Brightly Beams Our Father's Mercy - 3 parts
Brightly Beams Our Father's Mercy - 3 parts
In August of 1871, the American hymnist Philip Bliss was serving as the song leader for a revival meeting led by the famed evangelist Dwight L. Moody. As part of his sermon that night, Moody related the tragic story of a shipwreck. A dangerous storm had overtaken a passenger ship on Lake Erie late at night, and the only hope was to try and make it to the safety of the harbor at Cleveland. The pilot and captain could see the beacon from the lighthouse in the distance, but in order to line the ship up in the channel, they also needed to see the lights along the shoreline that outlined the mouth of the harbor.
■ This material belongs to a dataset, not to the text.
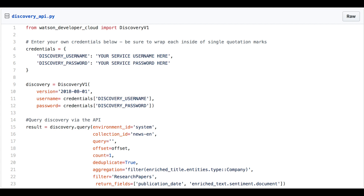And if we want, we can also access Watson Discovery via the API. Like in this example, it's wrapped via the Python library and we can communicate with it directly.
Unfortunately, the storm had extinguished all of those “lower lights”, and the pilot was forced to try and find the channel by blind reckoning. He was unsuccessful, and the ship was dashed upon the rocks, resulting in the drowning of nearly everyone on board. Moody used the story to illustrate the fact that while the Heavenly Father takes care of keeping the “Great Lighthouse” lit, it is our responsibility to see to it that the “lower lights” also are continuously burning. Bliss was so struck by the imagery of this message that he went home that evening and wrote the words and the melody for the hymn we know today as “Let The Lower Lights Be Burning”. It was sung for the first time at the same revival meeting the following evening.